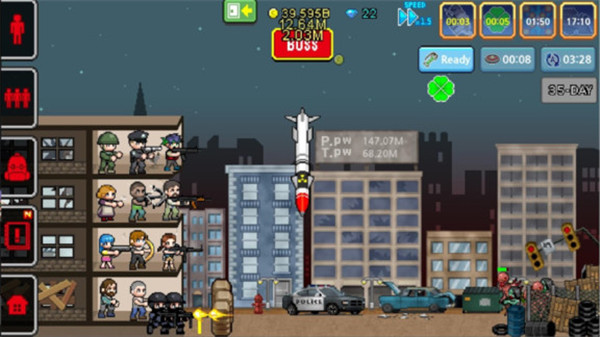 100天入侵僵尸手游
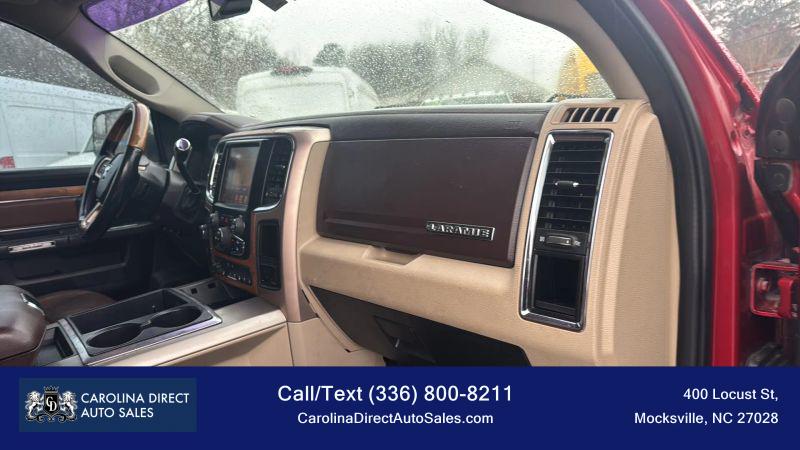 2018 Ram 3500 Laramie Mega Cab 4x4 6'4" Box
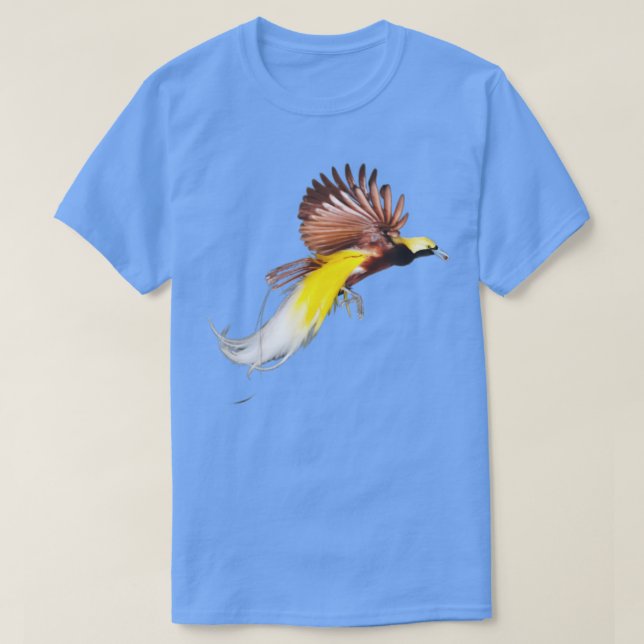 Camiseta Aves do Paraíso (Frente do Design)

▶ [Problem details] The pictures stay out; copy the rest of the data word for word.

▶ [Solution to this exercise]
 100天入侵僵尸手游
 2018 Ram 3500 Laramie Mega Cab 4x4 6'4" Box
 Camiseta Aves do Paraíso (Frente do Design)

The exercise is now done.